WORK REQUIRED
Retype the entries exactly, but skip the pictures.

START GIVEN INFORMATION

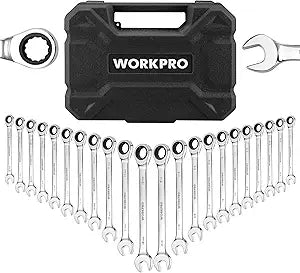 WORKPRO 22-Piece Ratcheting Combination Wrench Set, 72 Teeth, Combo Ratchet Wrenches Set with Organizer Box, Metric 6-18mm & SAE 1/4-3/4"
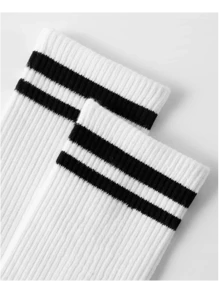 1/3/5/8/10 双男女通用长筒袜，黑白，吸湿排汗，透气，简约优雅，适合所有季节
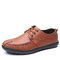 Men Microfiber Leather Round Toe Lace Up Business Casual Shoes - Brown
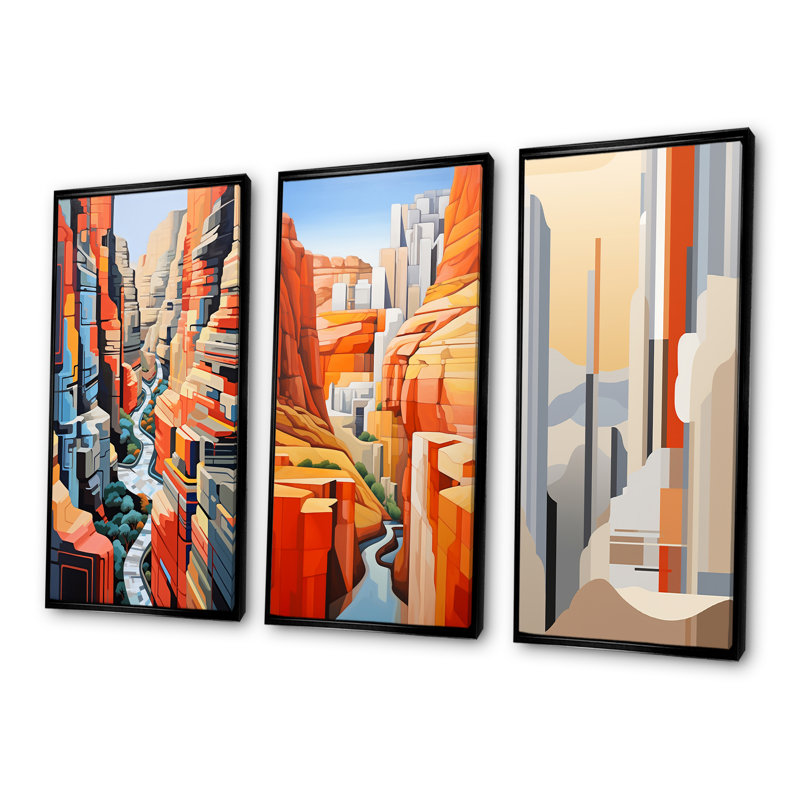 Paysage de canyon inspiré de Stijl, Cadre flottant noir, H 32 po x l 48 po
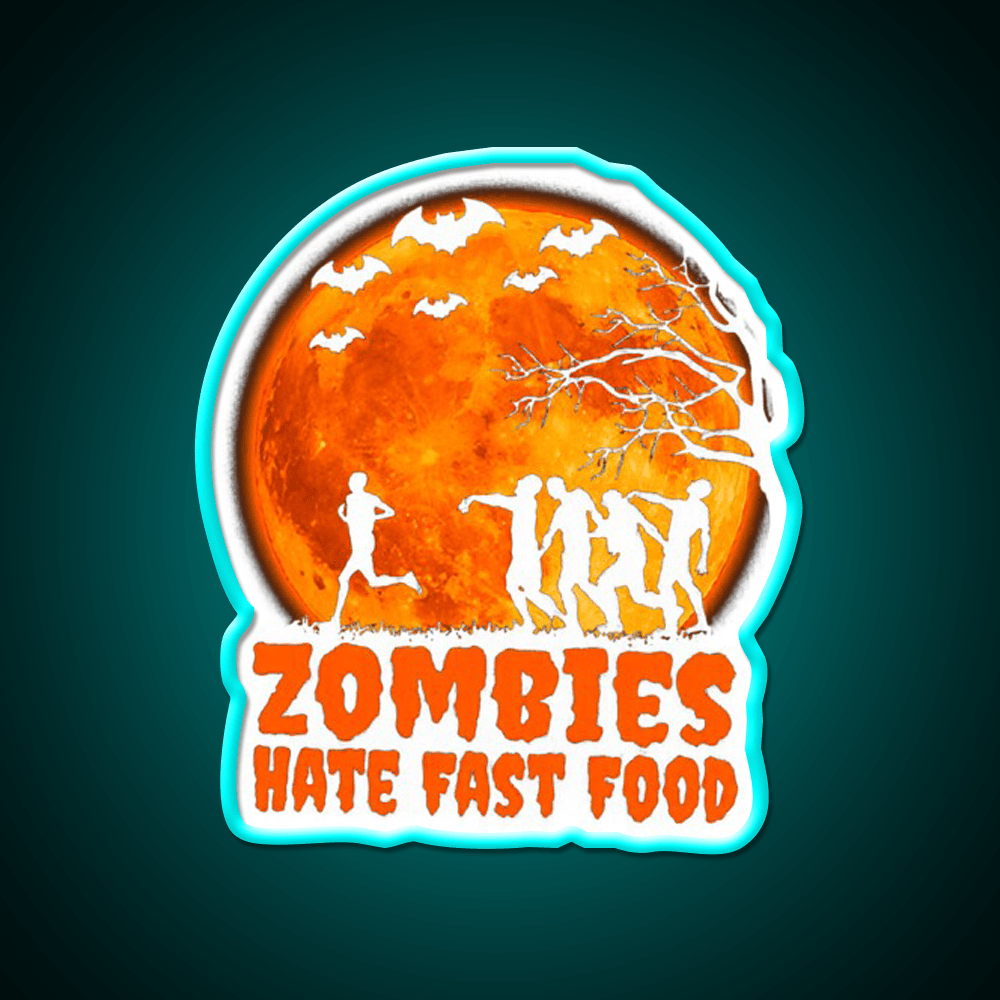 Zombies Hate Fast Food Led Neon Sign For Burger Place Open Food Sign Rgb Color - Shineneon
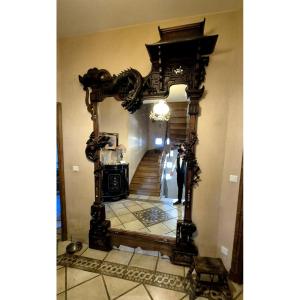 Gabriel Viardot In The Style Of A Large Japanese-inspired Mirror From The 1900s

END GIVEN INFORMATION

EXERCISE OUTPUT
 WORKPRO 22-Piece Ratcheting Combination Wrench Set, 72 Teeth, Combo Ratchet Wrenches Set with Organizer Box, Metric 6-18mm & SAE 1/4-3/4"
 1/3/5/8/10 双男女通用长筒袜，黑白，吸湿排汗，透气，简约优雅，适合所有季节
 Men Microfiber Leather Round Toe Lace Up Business Casual Shoes - Brown
 Paysage de canyon inspiré de Stijl, Cadre flottant noir, H 32 po x l 48 po
 Zombies Hate Fast Food Led Neon Sign For Burger Place Open Food Sign Rgb Color - Shineneon
 Gabriel Viardot In The Style Of A Large Japanese-inspired Mirror From The 1900s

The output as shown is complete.